L’attuale politica di Xi Jinping al giornalista del Sole 24 Ore piace meno di quella del golpista Deng, dice infatti che quella di Xi rappresenta una “…inversione a U rispetto alla prospettiva Denghista: dalla quantità alla qualità della crescita, dall’apertura verso il mondo occidentale all’autosufficienza tecnologica, dall’incentivo ad arricchirsi a una più equilibrata distribuzione dei redditi, dall’incentivo all’imprenditoria privata alla centralità del partito in qualsiasi intrapresa economica.”
Nel descrivere solo un’economia che gli economisti borghesi definiscono “matura”, il giornalista, come si vede, sogna ancora una Cina con i suoi proletari industriali a milioni a completa disposizione del profitto imperialista! Ma la Cina attuale è socialimperialista, intenta a conquistare posizioni sui mercati mondiali per il massimo dei profitti, mentre continua a strappare plusvalore alla propria immensa classe operaia, con cui rifornisce uno dei più grandi “fondi sovrani”, impoverendola e peggiorandone le condizioni di vita (“i consumi privati cinesi rappresentavano solo il 13% di quelli globali”) con una forte repressione interna e negazione dei diritti fondamentali.
Non contento della sua analisi, il giornalista, con l’arroganza tipica di chi vive in un paese imperialista, si permette di dare suggerimenti alla borghesia cinese su come uscire da questo momento di particolare crisi: “In un contesto normale per assorbire questo squilibrio il Paese dovrebbe stimolare i consumi interni o rivalutare il cambio.

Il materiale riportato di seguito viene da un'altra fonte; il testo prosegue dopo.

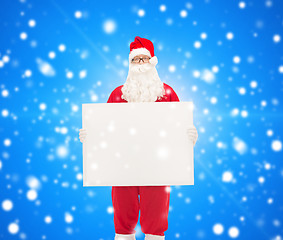 Image showing man in costume of santa claus with billboard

Ma il Partito Comunista Cinese da oltre venti anni rifiuta di applicare queste misure, di espandere i servizi pubblici (specialmente la sanità) e estendere la sicurezza sociale per i cittadini. Un Paese che ha costruito 45mila chilometri di linee ferroviarie ad alta velocità spendendo l’equivalente di 750 miliardi di euro e che impegna cifre colossali per il riarmo, mantiene ospedali pubblici di infimo livello”.
È questo, oppure no, lo specchio di ciò che succede nei paesi imperialisti, a cominciare dagli Stati Uniti?

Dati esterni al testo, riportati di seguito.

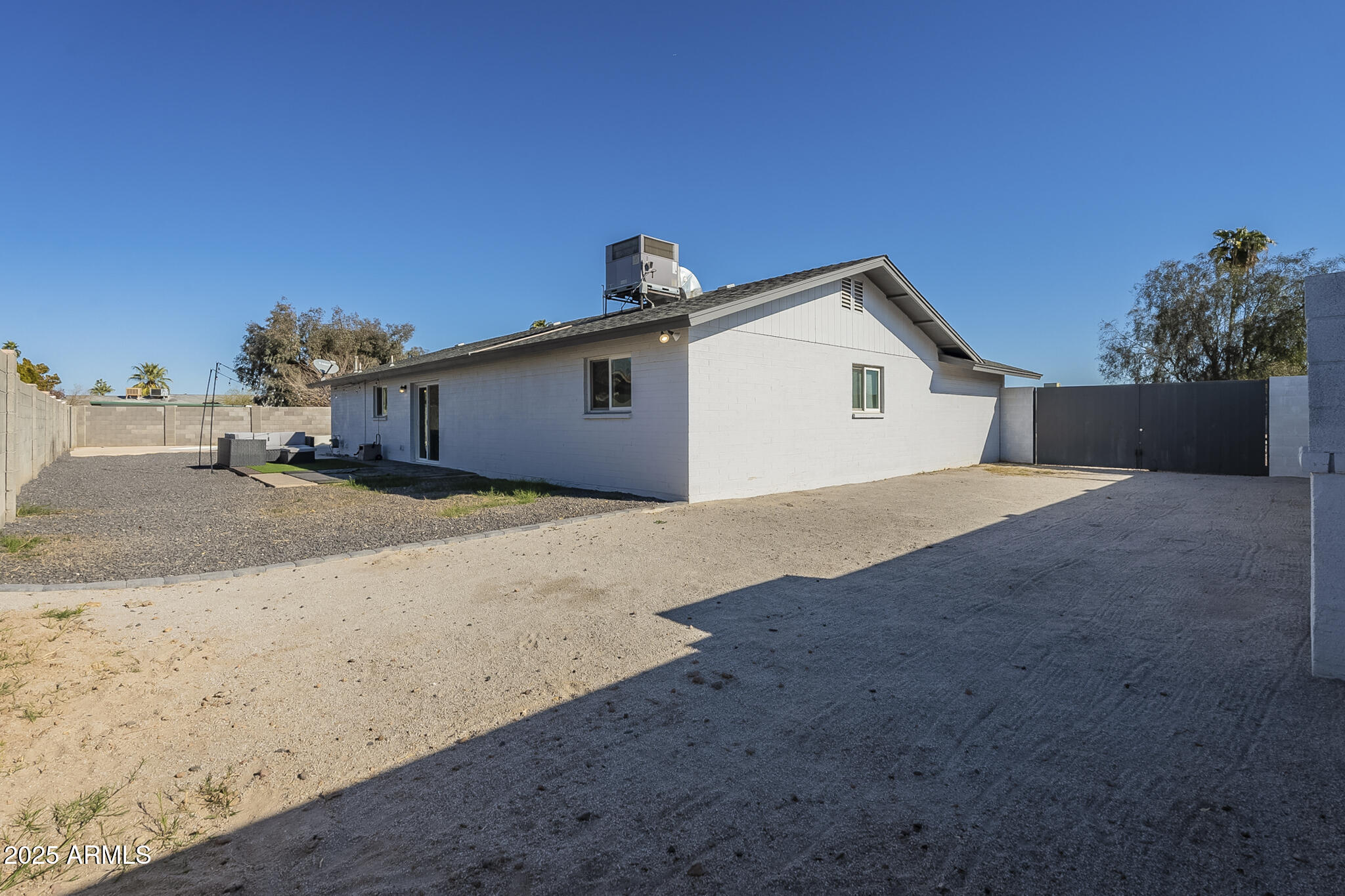 2914 East Cactus Road Phoenix, AZ 85032 - Photo 41 of 49 a view of a house with a backyard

Partendo appunto dall’attuale “manovra economica” della Cina che non si discosta affatto da quella adottata dai paesi imperialisti: è la più classica manovra di aiuto ai padroni in caso di crisi. Anche la banca centrale degli Stati Uniti, la Fed, ha abbassato i tassi di interesse perché in questi casi le banche centrali mettono soldi freschi nel circuito economico bloccato nella speranza di fare ripartire l’economia (ricordiamo i quasi 20mila miliardi degli Stati Uniti necessari per “salvare” l’economia dopo la crisi del 2008, e i miliardi a fondo perduto considerati normali che i governi versano nelle casse dei padroni), ma l’economia negli ultimi decenni non riparte lo stesso… e la crisi si aggrava.

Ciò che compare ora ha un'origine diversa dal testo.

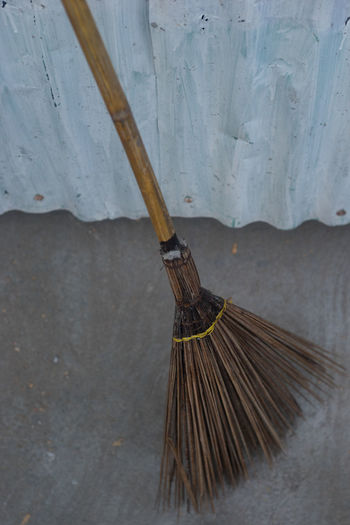 Broom by corrugated iron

A questa crisi bisogna dare una risposta e il socialimperialismo cinese come si vede da un lato usa gli stessi metodi degli altri paesi imperialisti, e cioè aiuto ai padroni e peggioramento della condizione del proletariato, e dall’altro si sta preparando allo scontro innanzi tutto con Stati Uniti e i loro alleati, e sulla scia dell’esempio dei paesi imperialisti la Cina non solo sviluppa tutto il potenziale militare, ma continua ad investire miliardi di dollari, come in Africa, e cerca alleati dall’Africa all’Asia.
Certo le guerre in corso, quella per interposta persona in Ucraina e il genocidio in corso in Palestina per mano del nazisionismo israeliano sostenuto dall’imperialismo americano che si è allargato al Libano e allo Yemen, solo per citare le guerre “visibili”, possono portare sull’orlo della terza guerra mondiale, ma è altrettanto sicuro che la pressione esercitata dall’imperialismo degli Stati Uniti e dai suoi alleati sul socialimperialismo della Cina può essere la spallata finale che porta al precipizio.